Given a random variable $X$, if we take a measurable and bounded function $f(X)$ then can we say that $f$ is Lebesgue integrable wrt a probability measure on $\mathbb R$? In Real Analyses book by Rudin(1976) (pg315) the above is stated with the additional condition that the measure is finite. But a probability measure is always finite right? so we don't need to require that.
Now, the doubt that I have is why for some rv the $f(X)$ is not Lebesgue integrable (like the Cauchy case)? What I think is because usually $f$ is not bounded and non-integrability has nothing to do with the measurability or the fact that the probability measure is infinite.
So, my final question is weather is safe to say that if $f(X)$ is bounded and measurable then the Lebesgue integral $\int_{\mathbb R}f(X) \, dP$ is always defined? is that right?
Any references or hints are highly appreciated. Thanks
If $f$ is bounded then $f(X)$ will be Lebesgue-integrable even if $X$ is not. For example, if $X$ has a Cauchy distribution, then $\cos X$ has an expected value.

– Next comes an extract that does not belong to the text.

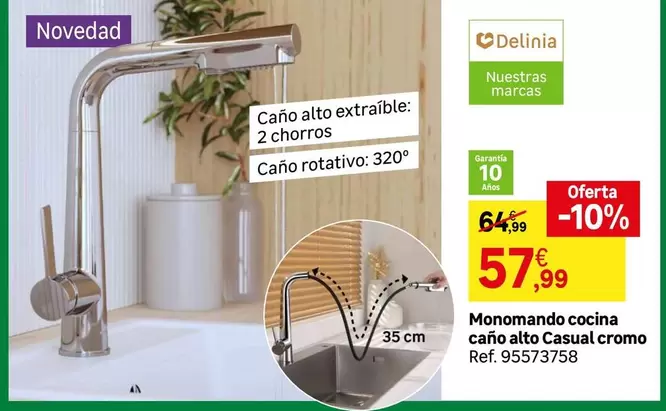 Monomando Cocina Cano Alto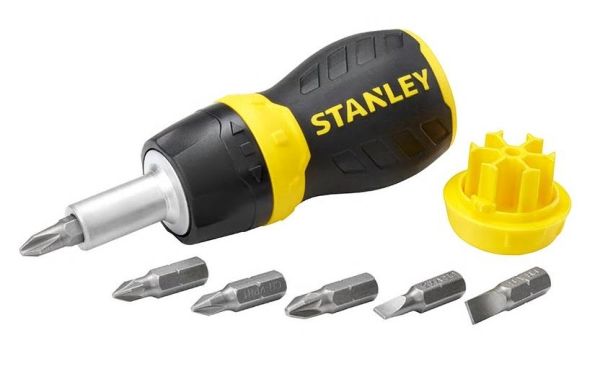 Викрутка Stanley Multibit Stubby, 1/4" бітотримач реверсний, 6 біт, SL,PH,PZ набір 7шт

The reason is that bounded measurable functions on spaces of finite measure are integrable. The random variable $X$ is a measurable function on a probability space, whose total measure is $1$. The composition of two measurable functions is measurable, and if $f$ is bounded then so is $f(X)$. The random variable $f(X)$ is also a measurable function on a probability space with total measure $1$.